There was a short silence as Pazlar’s systems aligned themselves with Jaza’s, accepting and incorporating the new data. Then, simply, “Wow.”
“Notions?”
“ Sped up like this, it looks like EM spill from a faulty sensor beacon,”said Pazlar. “That could explain the boryon issue and the uniformity of the intervals, but it doesn’t account for the fluctuations in the distortion itself.”
“Or why it’s spread out over weeks,” he finished for her.
“But it definitely looks like a kind of signal-to-noise effect,”she said.
It was obvious to Dakal that Commander Jaza was a good five steps ahead of Lieutenant Pazlar on that score. He was already shutting down most of the more esoteric sensor modifications in favor of those that specifically related to the boryon emissions and midrange quantum fluctuations.
“Lieutenant Roakn!” said Jaza suddenly, loud enough to announce his presence to the whole room.
“Sir!” boomed Roakn’s voice from above. Instantly he was peering over the edge of the upper tier, looking down at Jaza and Dakal. The rest of the team’s chatter was suddenly absent, as if the others’ voices had been blown into the vacuum beyond Titan’s hull. “You’re back.”
“Yes,” said Jaza. “And I’d like to ask you why I found Cadet Dakal down here, running playback of the EM record instead of up there with the rest of the team.” Roakn’s hide roughed with embarrassment as he opened his mouth to reply, but Jaza cut him off. “Never mind. We’ll talk about it later. Right now, I need a probe reset to track quantum rippling.”
“Sir?”
“Yesterday, Mr. Roakn,” said Jaza, now splitting his attention between the viewer and the various control consoles around him. “I need it done yesterday.”

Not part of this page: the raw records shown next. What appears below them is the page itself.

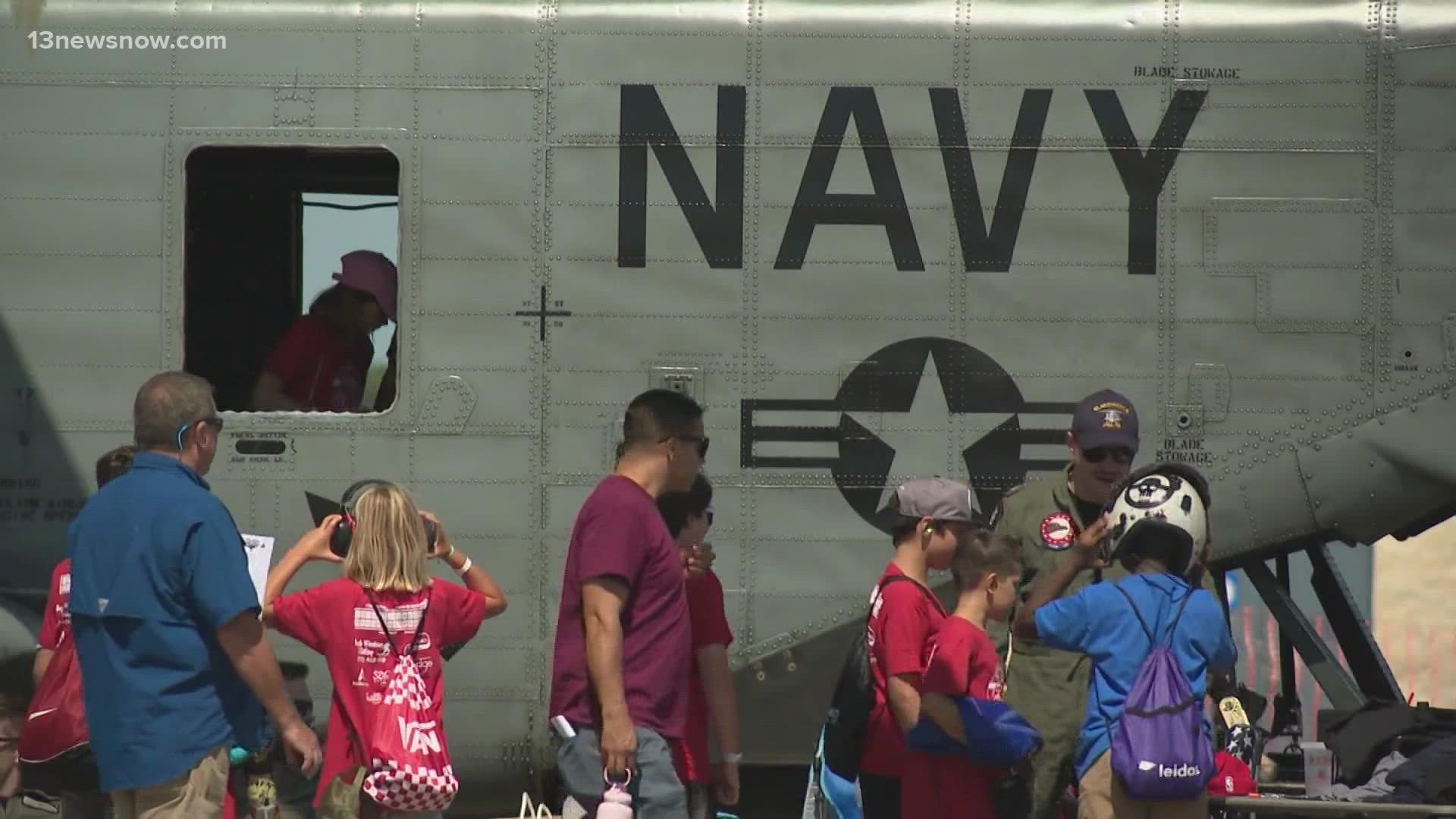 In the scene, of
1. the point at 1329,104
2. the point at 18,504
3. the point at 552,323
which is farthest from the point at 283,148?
the point at 1329,104

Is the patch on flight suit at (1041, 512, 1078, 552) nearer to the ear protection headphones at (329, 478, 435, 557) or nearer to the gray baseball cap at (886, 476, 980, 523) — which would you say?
the gray baseball cap at (886, 476, 980, 523)

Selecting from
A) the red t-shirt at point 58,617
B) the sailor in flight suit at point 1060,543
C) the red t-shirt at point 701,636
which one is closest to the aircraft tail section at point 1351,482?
the sailor in flight suit at point 1060,543

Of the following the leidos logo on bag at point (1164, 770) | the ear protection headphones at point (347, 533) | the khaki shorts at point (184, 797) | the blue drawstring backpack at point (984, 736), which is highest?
the ear protection headphones at point (347, 533)

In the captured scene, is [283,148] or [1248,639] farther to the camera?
[1248,639]

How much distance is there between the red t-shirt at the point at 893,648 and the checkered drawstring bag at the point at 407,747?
1.25 metres

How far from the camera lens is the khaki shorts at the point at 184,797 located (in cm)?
469

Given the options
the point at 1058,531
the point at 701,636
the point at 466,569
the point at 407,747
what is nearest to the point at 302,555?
the point at 466,569

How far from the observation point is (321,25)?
23.3 feet

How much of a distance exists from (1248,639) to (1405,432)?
797 cm

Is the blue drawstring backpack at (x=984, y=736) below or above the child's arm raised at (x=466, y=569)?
below

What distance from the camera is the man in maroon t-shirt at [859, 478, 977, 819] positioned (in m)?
4.99

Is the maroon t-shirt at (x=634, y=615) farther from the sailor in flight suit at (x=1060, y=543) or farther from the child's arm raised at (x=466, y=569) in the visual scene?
the sailor in flight suit at (x=1060, y=543)

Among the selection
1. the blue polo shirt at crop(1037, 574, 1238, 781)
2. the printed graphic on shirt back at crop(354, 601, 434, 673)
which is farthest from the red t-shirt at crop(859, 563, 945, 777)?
the printed graphic on shirt back at crop(354, 601, 434, 673)

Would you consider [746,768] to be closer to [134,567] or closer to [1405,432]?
[1405,432] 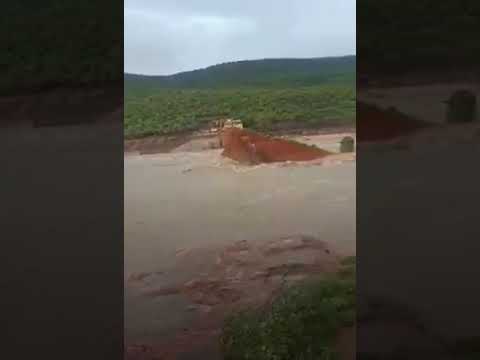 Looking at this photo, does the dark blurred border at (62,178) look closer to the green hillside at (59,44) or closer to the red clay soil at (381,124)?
the green hillside at (59,44)

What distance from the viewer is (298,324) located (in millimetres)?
2326

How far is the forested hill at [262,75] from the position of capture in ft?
8.82

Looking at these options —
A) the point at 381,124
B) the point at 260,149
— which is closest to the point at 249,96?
the point at 260,149

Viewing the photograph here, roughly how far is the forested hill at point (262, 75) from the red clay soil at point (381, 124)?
0.56 m

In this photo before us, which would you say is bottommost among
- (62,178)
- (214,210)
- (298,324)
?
(298,324)

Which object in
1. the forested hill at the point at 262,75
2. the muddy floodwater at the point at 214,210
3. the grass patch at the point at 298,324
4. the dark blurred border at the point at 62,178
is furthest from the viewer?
the forested hill at the point at 262,75

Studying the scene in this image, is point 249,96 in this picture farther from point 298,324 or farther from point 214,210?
point 298,324

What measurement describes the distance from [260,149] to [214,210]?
0.39 metres

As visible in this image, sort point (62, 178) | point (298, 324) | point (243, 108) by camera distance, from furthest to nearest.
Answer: point (243, 108) < point (298, 324) < point (62, 178)

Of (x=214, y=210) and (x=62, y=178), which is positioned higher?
(x=62, y=178)

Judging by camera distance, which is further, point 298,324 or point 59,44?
point 298,324

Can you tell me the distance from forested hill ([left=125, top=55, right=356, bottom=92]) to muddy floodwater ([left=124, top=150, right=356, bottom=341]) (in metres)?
0.39

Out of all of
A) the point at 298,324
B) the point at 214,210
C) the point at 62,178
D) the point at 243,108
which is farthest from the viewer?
the point at 243,108

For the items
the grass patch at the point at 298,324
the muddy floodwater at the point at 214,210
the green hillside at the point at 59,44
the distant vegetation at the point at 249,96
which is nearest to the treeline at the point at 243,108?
the distant vegetation at the point at 249,96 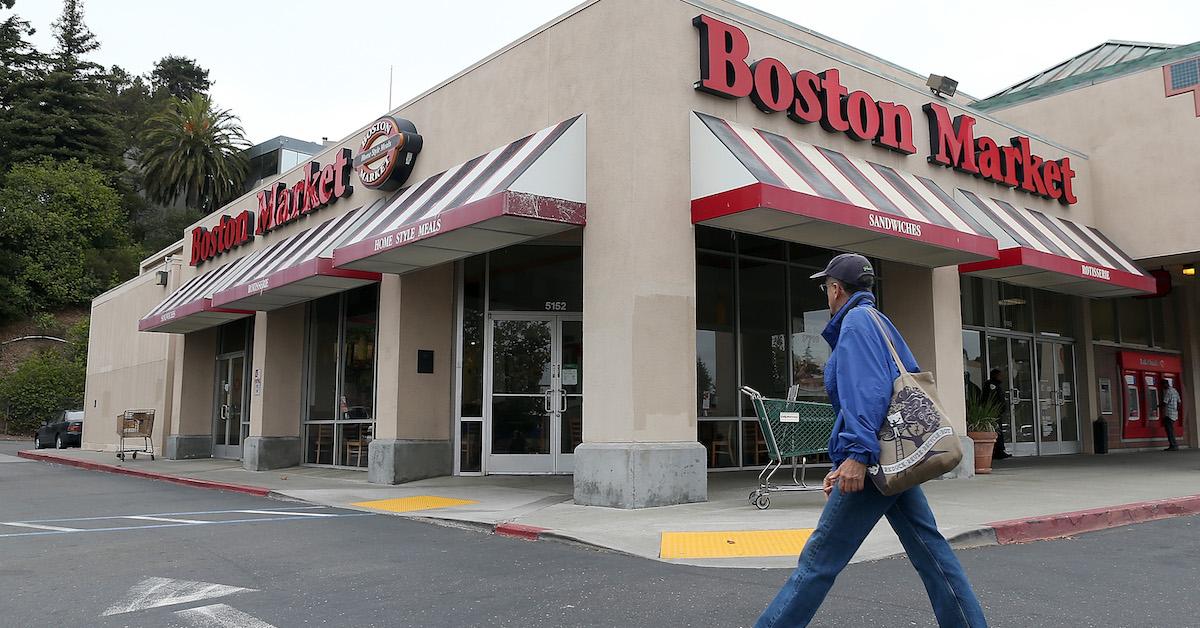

“Aye, sir,” said Roakn. The upper tier actually vibrated beneath his feet as he thundered off to do as he’d been told.
Forgotten again, Dakal contented himself with watching the senior officer work. Jaza’s fingers danced, systems deactivated or rerouted or realigned, causing the attendant displays to darken or spark, depending. All with a speed and precision Dakal would have never guessed the older man capable of achieving.
On Cardassia he had once seen a broadcast of a performance of the virtuoso Winim Teekat. Teekat was the acknowledged master of the kynsleve, an instrument of hundreds of filaments strung tight in a sickle of therabone.
When plucked by the maestro’s nimble fingers, it made the most haunting melodies. Watching his digits skip across the various control consoles, Dakal was sure that Jaza would be a natural for the kynsleve.
“Bridge to sensor pod,”said a brisk voice.
“Jaza here. Go ahead, Mr. Tuvok,” said Jaza, still working away.
“It seems that you are, once again, reorienting ship’s main sensors into a new and fairly esoteric configuration.”
“Yes,” said Jaza, distracted by a set of unexpected symbols that had appeared on a nearby display. “I was just about to inform you.”
“In future, Commander,”said Tuvok. “Please apprise me of such modifications before implementation rather than during or after.”
“Special circumstances,” said Jaza. “We’re tracking a signal, possibly sentient in origin.”
“Then it would be logical to incorporateTitan ’s communication grid into your recalibration, would it not?”
“That was next on the list,” said Jaza.
“Proceed, Mr. Jaza,”said Tuvok. “I will adjust the communication system to fit your needs.”
“Probe five prepped and in the tube, sir,” said Roakn from somewhere unseen. “Launching.”